Based on cancer registry data, 81% of participants had ER/PR positive disease and 19% had ER/PR negative disease. Per self-report, 59% reported ER/PR positive cancer, 15% ER/PR negative, 17% responded “don’t know”, and 9% did not respond. Among the 573 women who did not know or were missing ER/PR status, the distribution of cancer registry receptor status was similar to the distribution among respondents, with 78% having positive and 22% having negative ER/PR status.
Table 2 displays the agreement of self-reported and cancer registry ER/PR status. Overall, there was 69% agreement, and there was fair agreement as measured by kappa (agreement corrected for chance, κ=0.36). After excluding women who did not know their receptor status or did not respond to the question, the percent agreement was 93% and there was substantial agreement as measured by kappa (κ=0.76).
Table 2.
Agreement between Self-reported ER/PR status and Cancer Registry data
| Cancer Registry ER/PR status | ||
|---|---|---|
| Self-reported ER/PR status |
Positive | Negative |
| Positive | 1257 | 40 |
| Negative | 77 | 244 |
| Don’t know/Missing | 446 | 127 |
| Total population (N=2191) | Excluding Don’t know/Missing Self-reported ER/PR status (N=1618) | |
| Percent Agreement | 69% | 93% |
| kappa | 0.36 | 0.76 |
Table 3 shows the results of multivariate logistic regression of predictors of discordant self-report of ER/PR status among women with complete registry data.
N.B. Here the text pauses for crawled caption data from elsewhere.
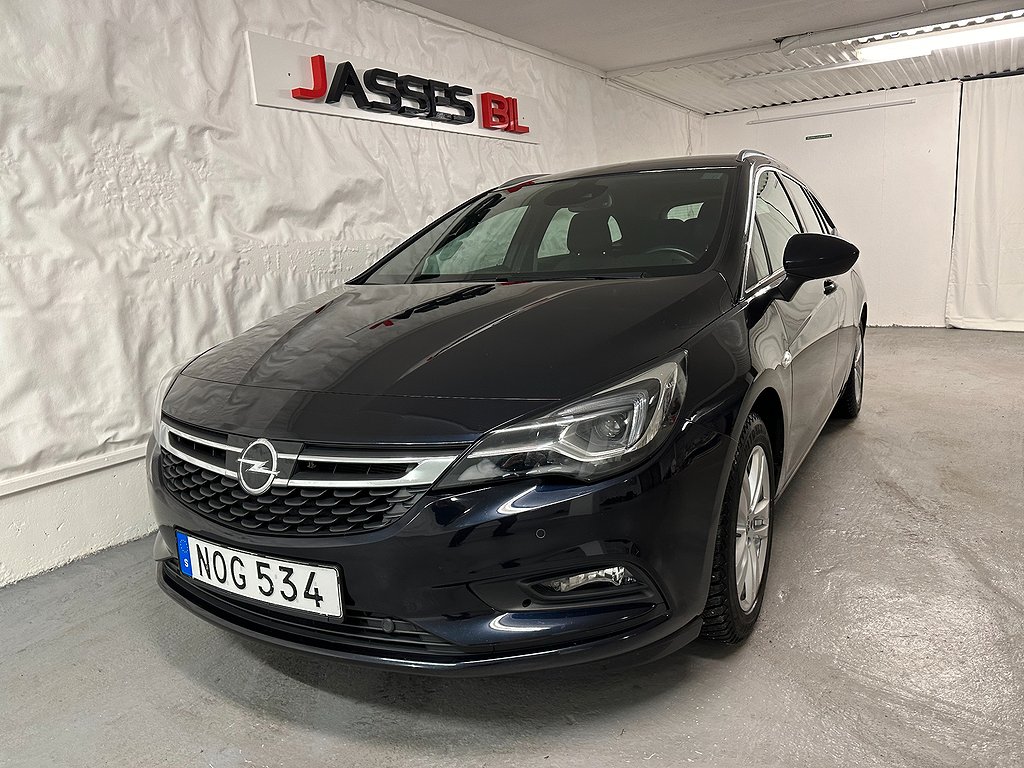 Opel Astra Sports Tourer 1.4 EDIT DYNAMIC 150hk NAVI B-KAME P-SENSO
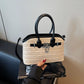 Straw Crossbody Bag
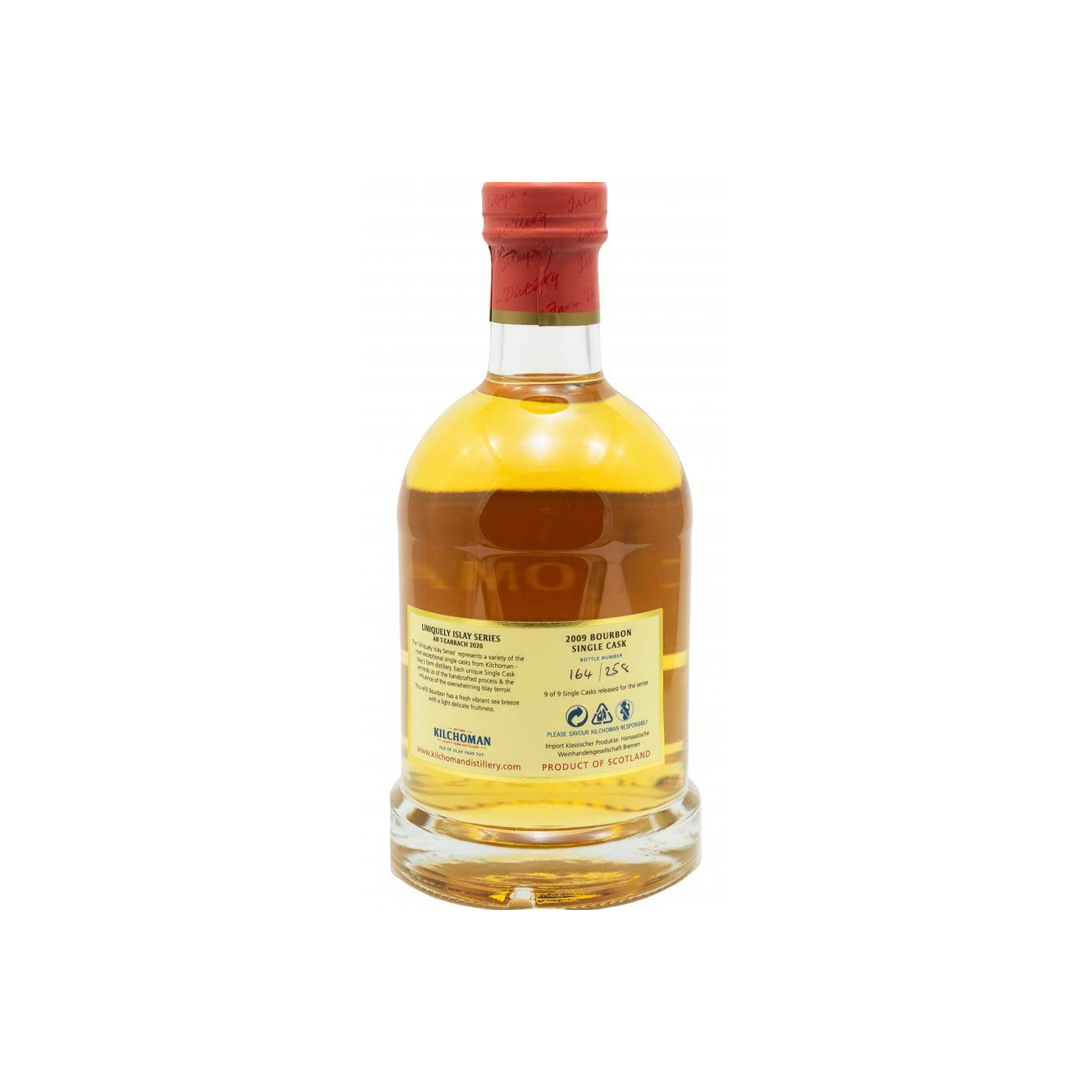 Kilchoman 2009 10 Years Single Malt Whisky 2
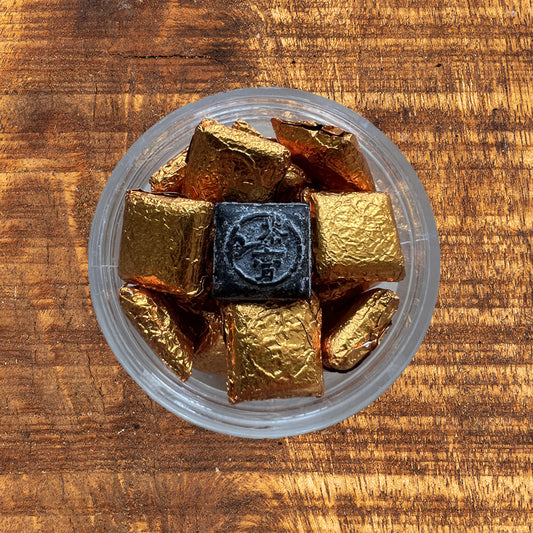 Crème de Thé Pu-erh Cuite – Prestige Sucrée du Yunnan – 78 g 2015 - Lemeilleurthedechine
Age, education, race, income, and cancer registry receptor status were significantly associated with discordant self-report of ER/PR status. Women aged 51–64 had 60% increased odds of discordance compared to women age 40 or younger (OR=1.61, 95% CI 1.10–2.37, p=0.015). Women with high school education had more than twice the odds of discordance as women with higher education (OR=2.60, 95% CI 2.11–3.21, p<0.001), non-white women had more than three times the odds of discordance compared to white women (OR=3.12, 95% CI 2.26–4.31, p<0.001), and low income women had nearly three times the odds of discordance compared to high income women (<$30,000 vs. >$70,000 OR=2.89, 95% CI 2.18–3.82, p<0.001). Finally, women with ER/PR negative disease per the cancer registry had 60% increased odds of mis-reporting their ER/PR status compared to women with ER/PR positive disease (OR=1.62, 95% CI 1.27–2.06, p<0.001).
Table 3.
Multivariate Logistic Regression Analysis of Discordant Self-report of Hormone Receptor Status compared with the cancer registry
| Total (N=2191)* | Among women who reported positive or negative status (N=1618)†; | |||||
|---|---|---|---|---|---|---|
| OR | 95% Cl | p-value | OR | 95% Cl | p-value | |
| Age at Diagnosis | ||||||
| 41–50 vs. ≤40 | 1.18 | 0.79–1.76 | 0.425 | 0.78 | 0.40–1.52 | 0.466 |
| 51–64 vs. ≤40 | 1.61 | 1.10–2.37 | 0.015 | 1.09 | 0.59–2.03 | 0.787 |
| Stage at Diagnosis | ||||||
| Regional vs. Local | 1.00 | 0.81–1.24 | 0.979 | 1.15 | 0.76–1.74 | 0.509 |
| Distant vs. Local | 1.15 | 0.59–2.22 | 0.689 | 2.72 | 1.06–6.97 | 0.037 |
| Unstaged/Unknown vs. Local | 1.70 | 0.70–4.16 | 0.245 | --- | ||
| Education | ||||||
| High School vs. Higher education | 2.60 | 2.11–3.21 | <0.001 | 1.49 | 0.97–2.28 | 0.070 |
| Race | ||||||
| Non-white vs. white | 3.12 | 2.26–4.31 | <0.001 | 2.55 | 1.38–4.69 | 0.003 |
| Household Income | ||||||
| 30–70K vs. >70K | 1.31 | 1.02–1.68 | 0.032 | 0.85 | 0.54–1.32 | 0.459 |
| <30K vs. >70K | 2.89 | 2.18–3.82 | <0.001 | 0.87 | 0.48–1.59 | 0.650 |
| Hormone receptor status (registry) | ||||||
| ER/PR negative vs. positive | 1.62 | 1.27–2.06 | <0.001 | 2.66 | 1.76–4.02 | <0.001 |
Discordant N=690 vs. Concordant N=1501
Excludes don’t know/missing self-report, Discordant N=117 vs. Concordant N=1501
We repeated logistic regression focusing on women who reported their ER/PR status. As in the full analysis, non-white race was associated with discordance (OR=2.55, 95% CI 1.38–4.69, p=0.003), as was ER/PR negative status (OR=2.66, 95% CI 1.76–4.02, p<0.001). In this subgroup, distant stage at diagnosis was associated with discordant self-report (OR=2.72, 95% CI 1.06–6.97, p=0.037). The odds ratio for education was elevated, and nearly statistically significant (OR=1.49, 95% CI 0.97–2.28, p=0.070). Age and household income were not significant after excluding those who didn’t know or were missing ER/PR status.
Discussion
Our study found fair agreement between self-report of breast cancer ER/PR status and cancer registry data, although over a quarter of respondents did not know or did not report their ER/PR status. Older age at diagnosis, less education, non-white race, lower household income, and ER/PR negative disease were associated with incomplete or inaccurate self-report of hormone receptor status. Three quarters of women responded that their ER/PR status was positive or negative, and in this group there was substantial agreement between self-report and cancer registry data. These results suggest that while some women do not know their hormone receptor status, those who do report it tend to be accurate.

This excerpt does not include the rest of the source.